*Brief*
Quote the whole listing exactly. Leave the pictures out of your copy.
==== Supplied data ====
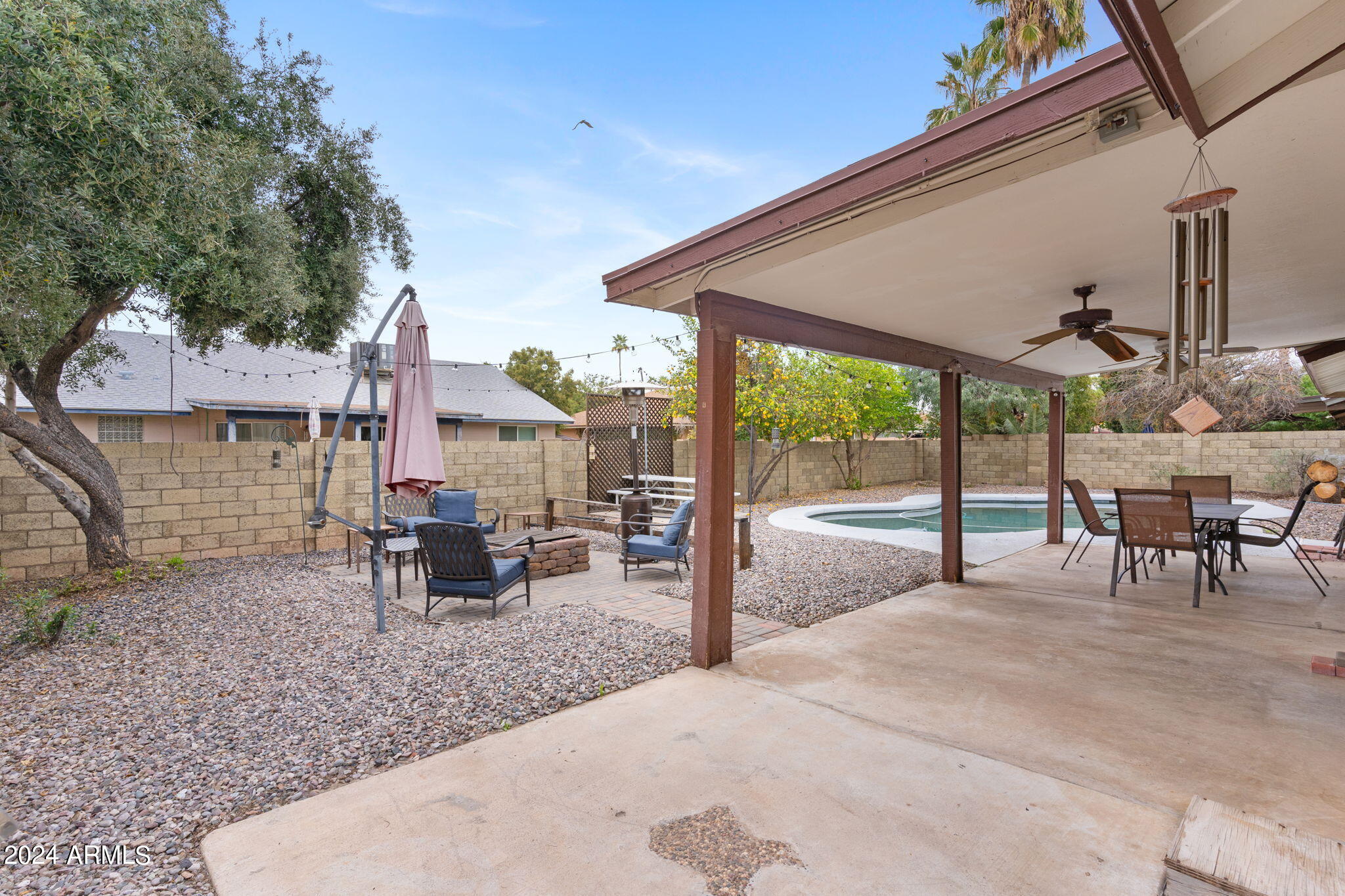 842 W NOPAL Avenue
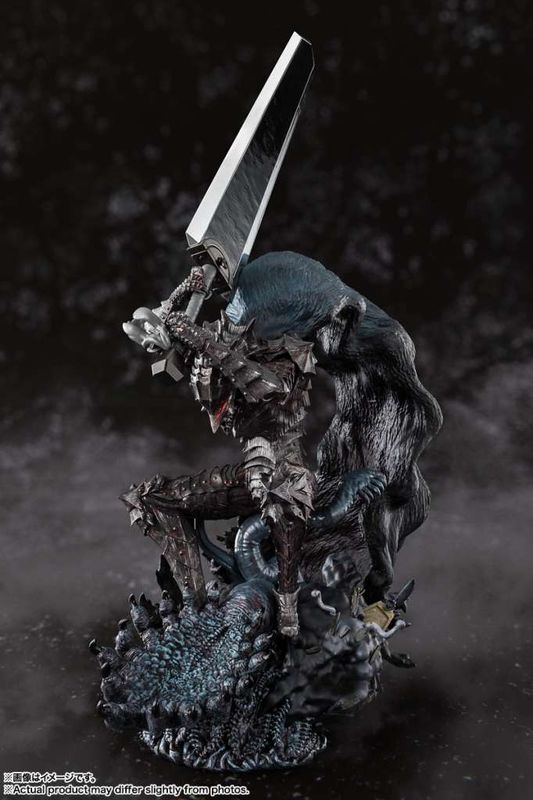Berserk - Statuette Figuarts ZERO Metallic Touch Guts Berserker Armor 35 cm - Tamahsii Nations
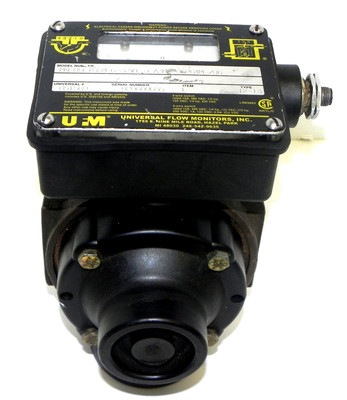 Used UFM MN-BSF16GM-6-32V1.0-A3NR-C-PC4M-Z86 FLOW MONITOR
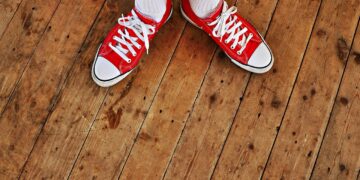 comfortable standing sneakers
====
*Task answer*
 842 W NOPAL Avenue
Berserk - Statuette Figuarts ZERO Metallic Touch Guts Berserker Armor 35 cm - Tamahsii Nations
 Used UFM MN-BSF16GM-6-32V1.0-A3NR-C-PC4M-Z86 FLOW MONITOR
 comfortable standing sneakers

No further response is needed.